+++ Extracted material +++

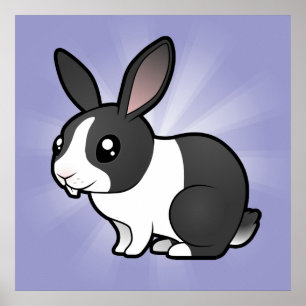 Cartoon Rabbit (uppy ear smooth hair) ポスター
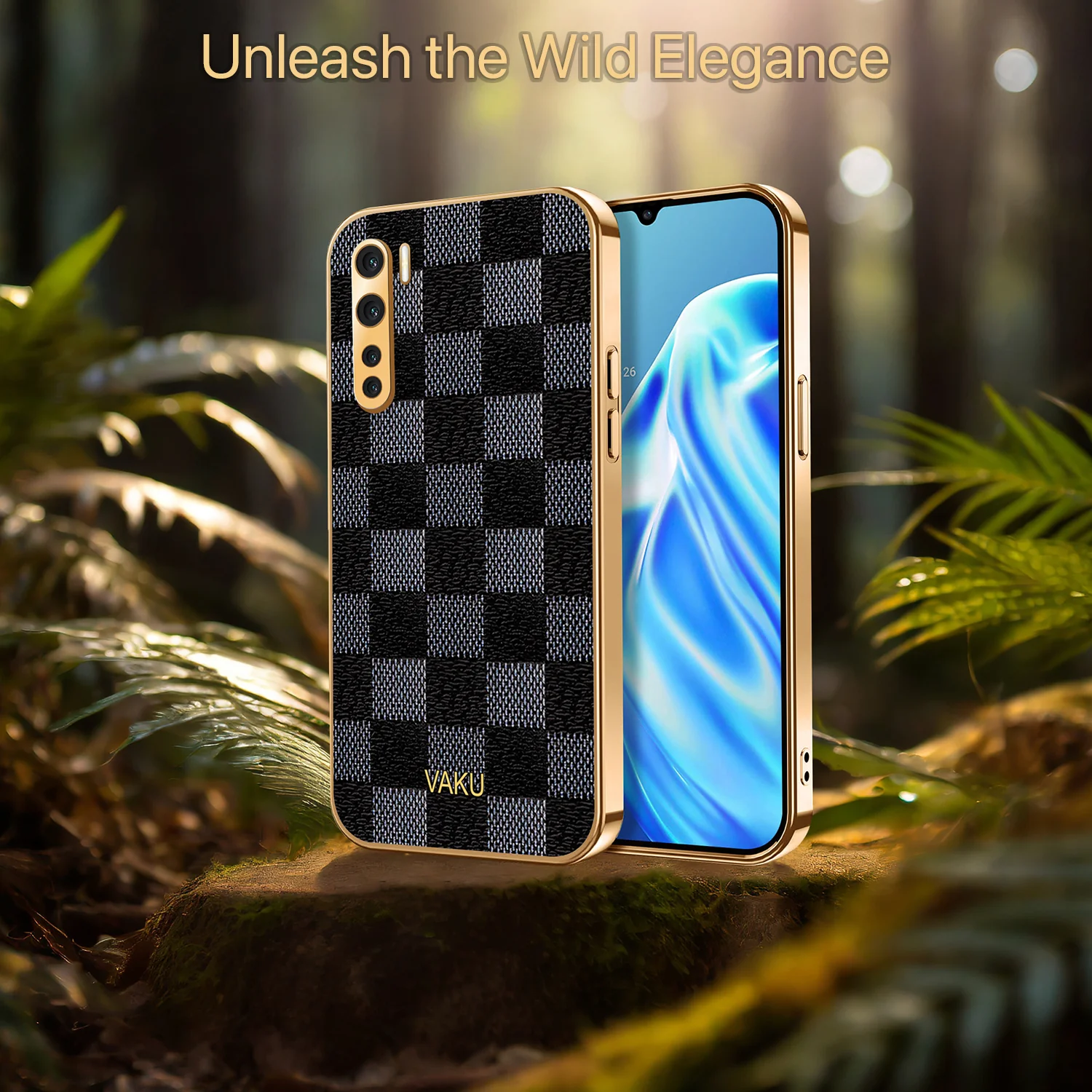 Vaku® Oppo F15 Cheron Series Leather Stitched Gold Electroplated Soft TPU Back Cover - Image 6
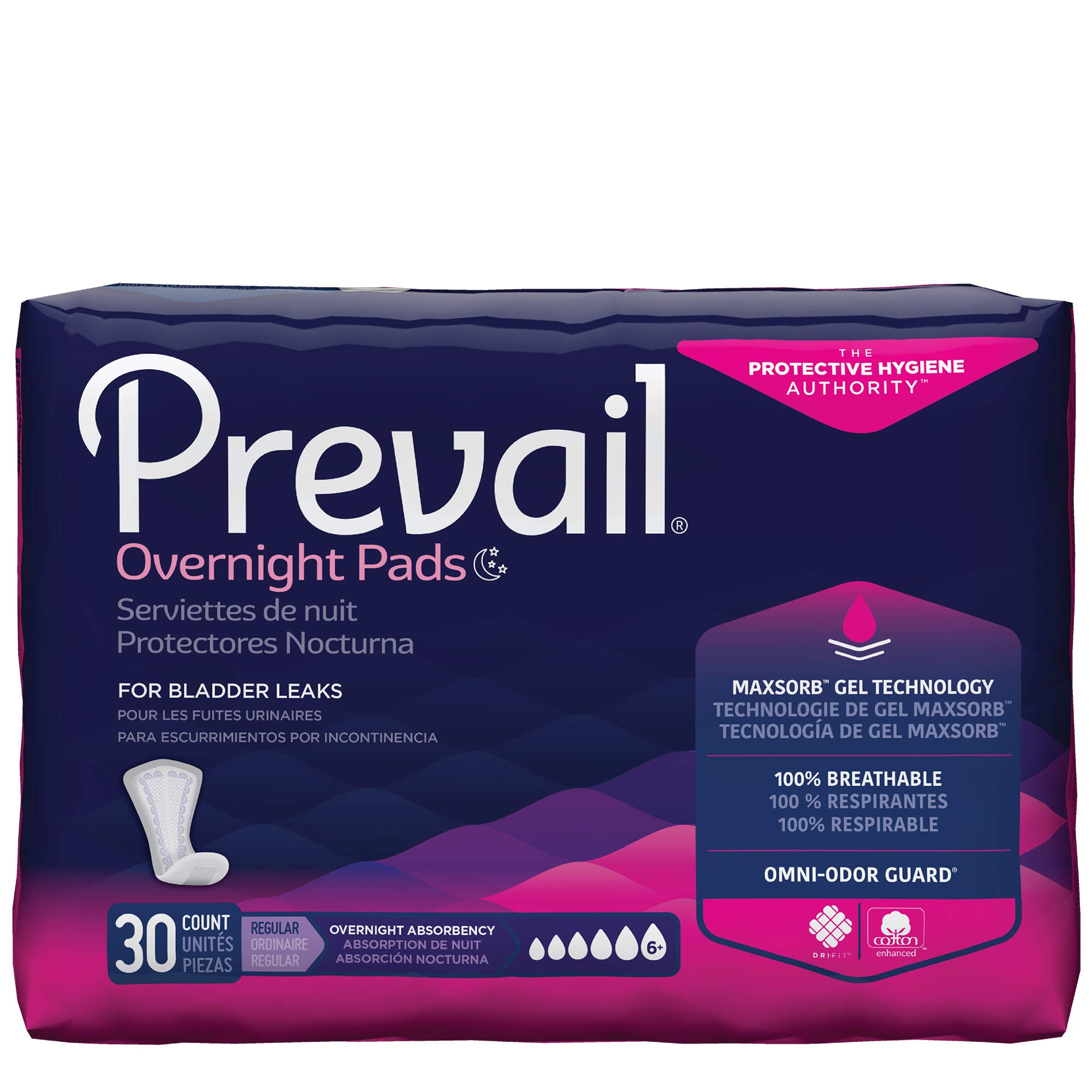 Pharmapacks Prevail Daily Pads Overnight 16 Inch Length Heavy Absorbency Polymer Core One Size Fits Most Adult Female Disposable 30ct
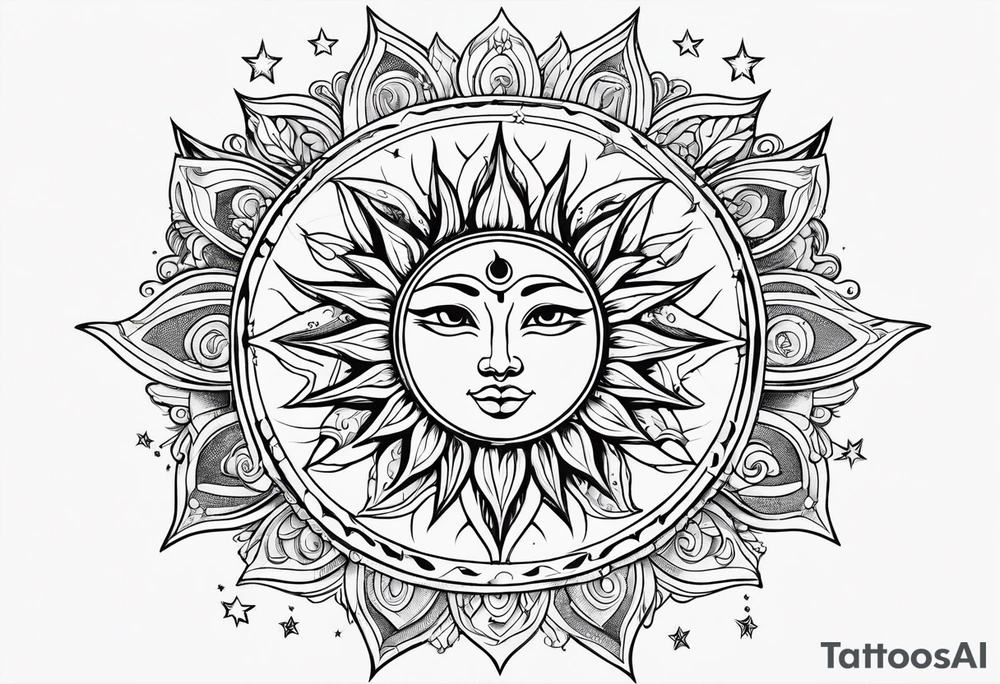 Sun moon and stars tattoo idea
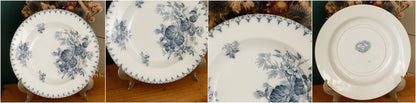 1880s/1900s ~ "FLORE" Sarreguemines U&C ~ French Antique Ironstone Blue Transferware Soup Plate ~ Terre de Fer LOT 2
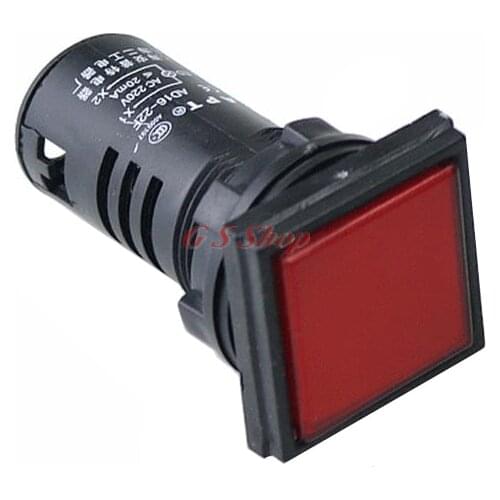 22mm Highlight LED square power indicator button switch AD16-22F red green yellow 24V220V380V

+++

Exercise objective: Could you write the entries out again exactly, without their pictures?

Your solution:
 Cartoon Rabbit (uppy ear smooth hair) ポスター
 Vaku® Oppo F15 Cheron Series Leather Stitched Gold Electroplated Soft TPU Back Cover - Image 6
 Pharmapacks Prevail Daily Pads Overnight 16 Inch Length Heavy Absorbency Polymer Core One Size Fits Most Adult Female Disposable 30ct
 Sun moon and stars tattoo idea
 1880s/1900s ~ "FLORE" Sarreguemines U&C ~ French Antique Ironstone Blue Transferware Soup Plate ~ Terre de Fer LOT 2
 22mm Highlight LED square power indicator button switch AD16-22F red green yellow 24V220V380V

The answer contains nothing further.